Na virose das caneluras do tronco, a severidade dos sintomas depende da combinação copa produtora x porta-enxerto, suscetibilidade das cultivares e isolado ou estirpe viral. Nas combinações mais sensíveis, a doença causa o declínio e subsequente morte da planta, que pode ocorrer poucos anos após a infecção viral. O declínio sempre é acompanhado de progressiva redução da quantidade e qualidade da produção até a improdutividade total da planta.

Ocorrência: O intumescimento dos ramos ocorre na maioria dos países vitícolas, afetando muitas cultivares comerciais de produtoras e de porta-enxertos, algumas vezes sem que estas apresentem sintomas.
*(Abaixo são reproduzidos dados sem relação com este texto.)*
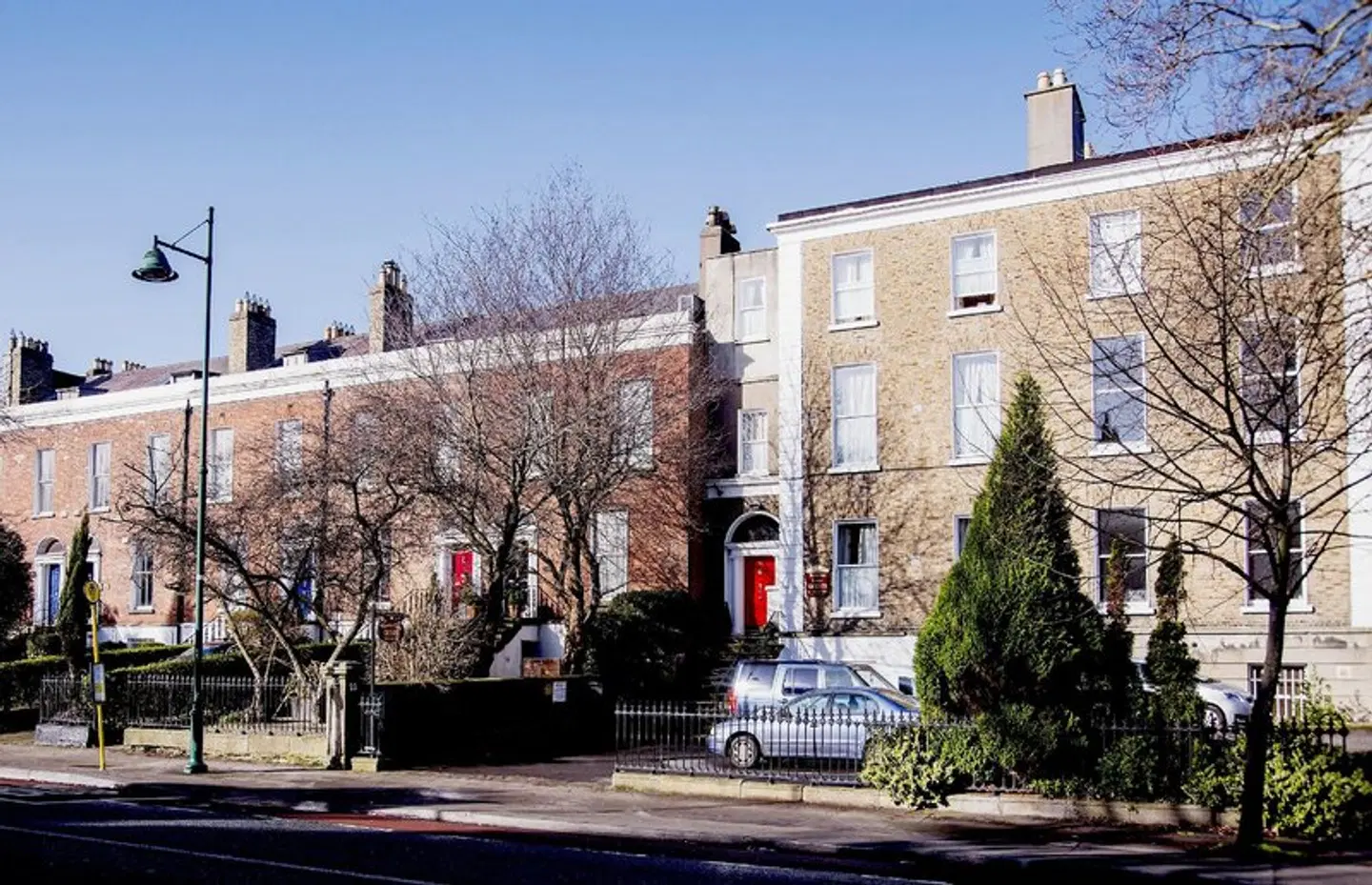 Waterloo Lodge EXTERIOR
A virose das caneluras do tronco é conhecida na maioria das áreas vitícolas do mundo, sendo que a incidência da doença depende da suscetibilidade da cultivar, da idade do vinhedo e da origem do material propagativo. No Brasil, em recentes levantamentos conduzidos em algumas das principais regiões vitícolas, se constatou que a ocorrência de sintomas destas viroses é frequente. A incidência de três vírus associados à virose, em três regiões vitícolas dos Estados de São Paulo e Pernambuco, foi de 61-100% (GVA), 2-28% (GVB) e 35-80% (GRSPaV).

Manejo: A disseminação de longa distância dessas viroses ocorre por meio do material vegetativo infectado e a transmissão através de enxertia. Assim a principal forma de controle é a utilização de material propagativo sadio, livre de vírus. A disseminação natural do GVA e GVB em vinhedos ocorre pela atuação de vetores. Tanto o GVA quanto o GVB podem ser transmitidos por diversas espécies de cochonilhas farinhentas da família Pseudococcidae (Heliococcus bohemicus, Phenacoccus aceris, Planococcus citri, Pl. ficus, Pseudococcus viburni, Ps. comstocki, Ps. affinis, Ps. longispinus, Neopulvinaria innumerabilis) e por cochonilhas de carapaça, família Coccidae (Parthenolecanium corni). O monitoramento e o controle destas cochonilhas devem ser considerados visando-se redução da disseminação dos vírus por elas transmitidos. Em relação ao GRSPaV não há vetor conhecido, entretanto, foi confirmada a presença deste vírus em sementes de videira, inclusive, resultando em plântulas infectadas. Isto não constitui significativo problema, visto que a propagação comercial da videira é realizada com a utilização de material vegetativo. Não há registro científico da transmissão desses vírus de uma videira a outra através de tesoura de poda ou ferramentas de cultivo.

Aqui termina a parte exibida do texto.